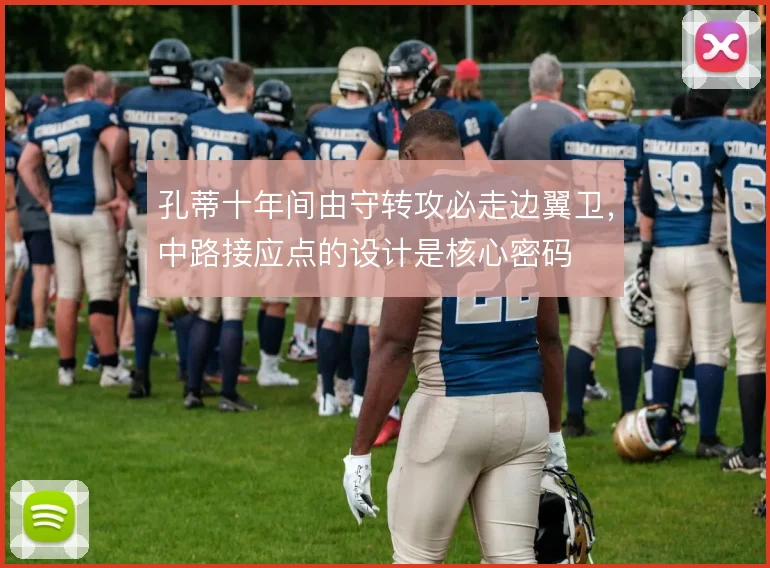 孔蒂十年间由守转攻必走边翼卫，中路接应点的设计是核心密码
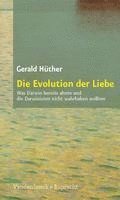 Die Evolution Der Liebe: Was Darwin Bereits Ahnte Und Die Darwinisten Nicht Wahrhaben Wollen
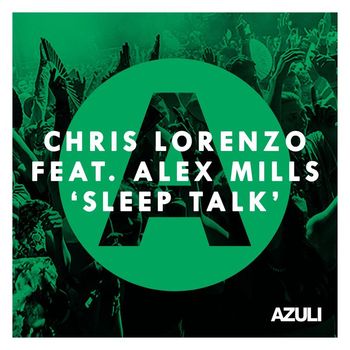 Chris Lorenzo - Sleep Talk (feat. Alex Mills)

· · · ·

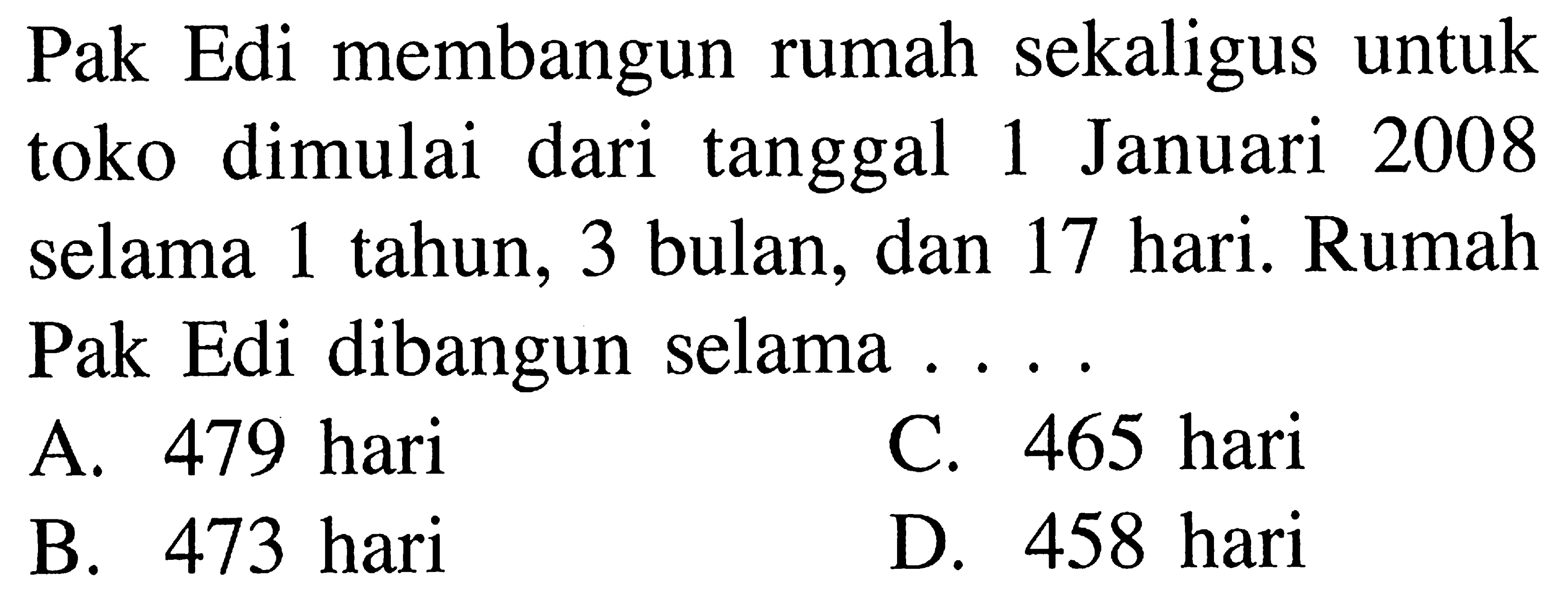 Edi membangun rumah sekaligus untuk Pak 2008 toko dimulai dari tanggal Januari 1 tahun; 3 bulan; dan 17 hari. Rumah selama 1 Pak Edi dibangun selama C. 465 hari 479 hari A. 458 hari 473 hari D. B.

· · · ·

» **What is being asked**
What you need to produce is an exact copy of the entries above, limited to the lines from the one with "Die Evolution Der" up to and including the one with "Chris Lorenzo - Sleep", without pictures.

» **Exercise result**
 Die Evolution Der Liebe: Was Darwin Bereits Ahnte Und Die Darwinisten Nicht Wahrhaben Wollen
 Chris Lorenzo - Sleep Talk (feat. Alex Mills)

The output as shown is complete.